* **AVAILABLE RECORDS**
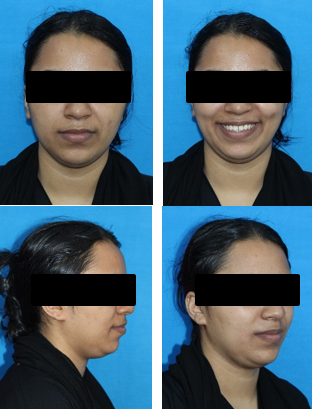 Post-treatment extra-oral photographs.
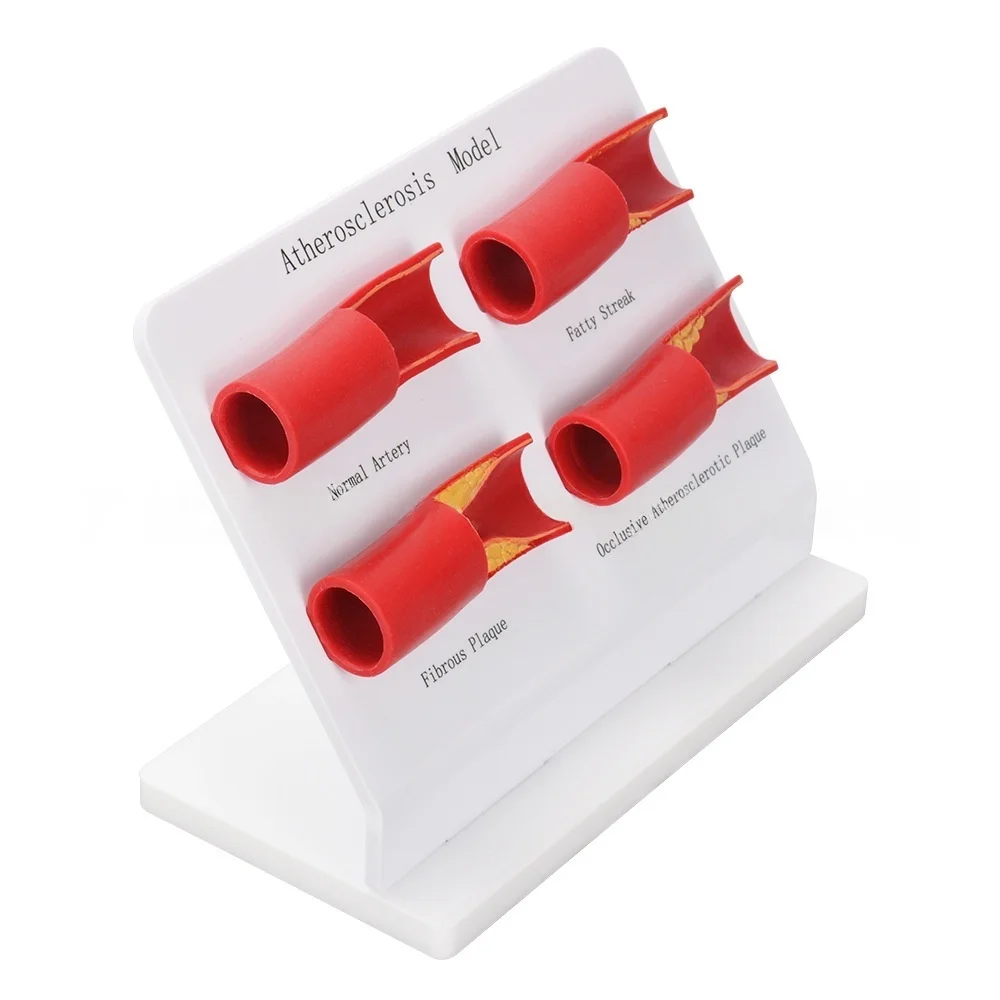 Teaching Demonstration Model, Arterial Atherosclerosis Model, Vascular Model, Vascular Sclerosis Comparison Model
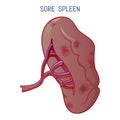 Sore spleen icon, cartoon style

--

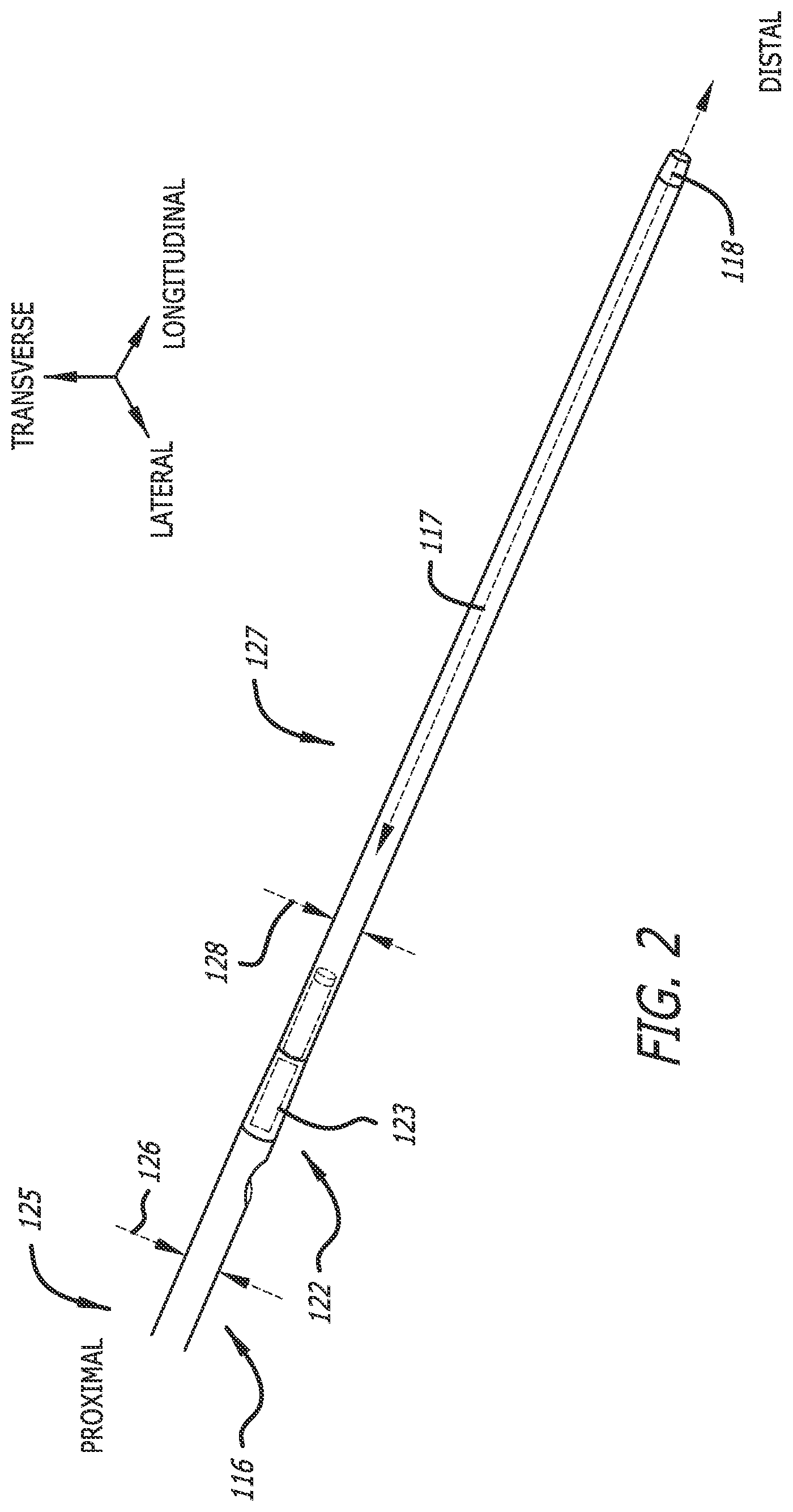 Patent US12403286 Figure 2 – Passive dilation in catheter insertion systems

* **WORK INSTRUCTION**
Having found the line with "Teaching Demonstration Model, Arterial" and the line with "Sore spleen icon, cartoon style" in the material above, write out exactly those two and every line between, leaving the pictures out.

* **ANSWER TO THE PROBLEM**
 Teaching Demonstration Model, Arterial Atherosclerosis Model, Vascular Model, Vascular Sclerosis Comparison Model
 Sore spleen icon, cartoon style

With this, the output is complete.